Hoje é fácil comprar, todos os anos, um pacote turístico para as praias de mar azul. Caribe, ilhas da Grécia e mares do Nordeste onde permanecem sete dias no máximo e pagam em 12 longas parcelas. Ou pegar o carro na sexta-feira e tomar o rumo do litoral catarinense ou gaúcho. Longas filas, mas em estradas bem melhores.
É divertido, toda a praia é um portal para o infinito, liberta a alma de coisas negativas. Sol escaldante, luas que refletem diamantes nas ondas. Mas de alguma forma, não tem o clima caseiro e íntimo de um veraneio por longos dias em águas mais próximas.
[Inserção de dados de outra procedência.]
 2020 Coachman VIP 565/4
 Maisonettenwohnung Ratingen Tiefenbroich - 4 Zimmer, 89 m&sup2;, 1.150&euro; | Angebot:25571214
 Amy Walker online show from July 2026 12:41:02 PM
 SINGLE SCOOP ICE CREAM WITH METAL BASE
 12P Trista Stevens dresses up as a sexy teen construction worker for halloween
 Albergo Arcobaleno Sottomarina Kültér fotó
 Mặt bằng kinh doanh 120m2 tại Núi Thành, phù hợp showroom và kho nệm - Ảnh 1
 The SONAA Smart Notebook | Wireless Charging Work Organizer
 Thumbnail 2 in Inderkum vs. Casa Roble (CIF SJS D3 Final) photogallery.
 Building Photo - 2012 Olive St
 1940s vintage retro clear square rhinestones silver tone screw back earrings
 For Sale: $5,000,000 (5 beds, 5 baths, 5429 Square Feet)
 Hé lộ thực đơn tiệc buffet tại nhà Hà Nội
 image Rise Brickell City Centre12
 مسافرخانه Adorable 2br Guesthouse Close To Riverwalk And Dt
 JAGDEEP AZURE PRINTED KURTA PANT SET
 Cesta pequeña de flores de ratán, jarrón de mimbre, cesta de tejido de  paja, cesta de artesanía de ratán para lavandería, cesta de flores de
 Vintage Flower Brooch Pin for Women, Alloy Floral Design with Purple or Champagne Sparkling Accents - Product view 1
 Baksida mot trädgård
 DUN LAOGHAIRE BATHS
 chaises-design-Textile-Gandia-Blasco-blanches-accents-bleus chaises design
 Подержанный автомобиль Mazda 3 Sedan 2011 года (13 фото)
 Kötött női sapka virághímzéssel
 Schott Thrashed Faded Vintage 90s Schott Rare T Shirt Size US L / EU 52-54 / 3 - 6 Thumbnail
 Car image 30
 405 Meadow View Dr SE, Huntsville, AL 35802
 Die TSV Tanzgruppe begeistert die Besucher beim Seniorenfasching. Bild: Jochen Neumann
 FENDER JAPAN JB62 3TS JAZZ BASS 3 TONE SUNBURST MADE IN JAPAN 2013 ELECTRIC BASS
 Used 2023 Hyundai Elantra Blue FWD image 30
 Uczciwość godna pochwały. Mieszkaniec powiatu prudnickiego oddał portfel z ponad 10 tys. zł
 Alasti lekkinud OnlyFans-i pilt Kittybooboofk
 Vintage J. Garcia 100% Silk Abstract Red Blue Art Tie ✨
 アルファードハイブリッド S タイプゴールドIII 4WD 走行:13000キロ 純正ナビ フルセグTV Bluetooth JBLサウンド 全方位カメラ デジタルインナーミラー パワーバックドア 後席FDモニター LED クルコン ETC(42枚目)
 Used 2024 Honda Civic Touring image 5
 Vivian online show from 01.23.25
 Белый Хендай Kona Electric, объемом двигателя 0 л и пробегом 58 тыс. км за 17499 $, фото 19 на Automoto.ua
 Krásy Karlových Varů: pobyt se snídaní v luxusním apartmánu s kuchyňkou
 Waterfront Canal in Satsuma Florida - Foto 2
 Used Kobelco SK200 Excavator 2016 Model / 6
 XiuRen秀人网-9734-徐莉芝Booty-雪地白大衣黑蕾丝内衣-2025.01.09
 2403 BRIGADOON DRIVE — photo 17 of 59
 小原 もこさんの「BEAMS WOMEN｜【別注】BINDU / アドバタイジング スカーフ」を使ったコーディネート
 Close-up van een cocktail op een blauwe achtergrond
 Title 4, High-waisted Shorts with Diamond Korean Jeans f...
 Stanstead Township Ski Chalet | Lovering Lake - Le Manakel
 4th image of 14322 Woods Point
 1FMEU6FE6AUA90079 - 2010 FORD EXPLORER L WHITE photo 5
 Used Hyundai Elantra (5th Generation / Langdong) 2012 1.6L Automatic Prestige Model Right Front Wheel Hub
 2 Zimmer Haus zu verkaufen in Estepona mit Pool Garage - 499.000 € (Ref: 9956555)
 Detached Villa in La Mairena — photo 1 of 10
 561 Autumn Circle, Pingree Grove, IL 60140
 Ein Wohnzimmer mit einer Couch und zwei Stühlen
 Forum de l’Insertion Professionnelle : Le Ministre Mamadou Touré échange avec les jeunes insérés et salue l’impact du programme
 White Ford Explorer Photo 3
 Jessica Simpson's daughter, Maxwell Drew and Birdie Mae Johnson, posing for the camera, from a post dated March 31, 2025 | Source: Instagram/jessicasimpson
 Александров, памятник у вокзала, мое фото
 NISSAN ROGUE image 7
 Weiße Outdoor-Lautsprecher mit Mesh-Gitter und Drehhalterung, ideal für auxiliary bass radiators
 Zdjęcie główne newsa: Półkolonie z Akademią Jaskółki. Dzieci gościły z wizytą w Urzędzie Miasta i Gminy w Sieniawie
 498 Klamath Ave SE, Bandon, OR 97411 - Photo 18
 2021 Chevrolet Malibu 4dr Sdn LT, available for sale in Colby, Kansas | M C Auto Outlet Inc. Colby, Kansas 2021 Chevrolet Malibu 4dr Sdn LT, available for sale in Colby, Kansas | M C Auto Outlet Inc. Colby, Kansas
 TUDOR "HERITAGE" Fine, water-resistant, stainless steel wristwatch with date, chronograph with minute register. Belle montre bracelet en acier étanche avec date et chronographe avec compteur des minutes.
A grande maioria que viveu nos anos 60, 70 e 80, guarda uma história de paixão à beira-mar, que lhes incendiou o coração por uma temporada, jurou ser eterno, mas não resistiu ao inverno. Na temporada seguinte, um novo amor apareceu. Lindo e dourado. E trocaram olhares e beijos apaixonados até o último dia. Os que preferem continuar por aqui, quem sabe, vivam da lembrança dessas histórias que rolaram nos cômoros de areia, nas lojinhas de artesanato, nas barracas dos inigualáveis crepes das tias.
Essa é a beleza que salva o litoral gaúcho. Tão mágico quanto a brisa do mar nordestino, é o nordestão, aquele vento sapecado de maresia que obrigava o guri a ceder a jaquetas à guria mais linda da rua. “Não estou com frio”, mentia com lábios roxos e pelos eriçados. Mas tudo aquecia quando ela retribuía com um sorriso agradecido, ou permitia a mão trêmula e gelada sobre os ombros, agora protegidos.
Voltava para a casa como um pescador em dia de sorte. Quem sabe, um dia o comércio e turismo do litoral gaúcho ajudem a mantermos esses momentos, perfeitos para todas as épocas. Que ofereçam conforto a preços justos, porque se o mar é feio, as memórias serão eternamente belas.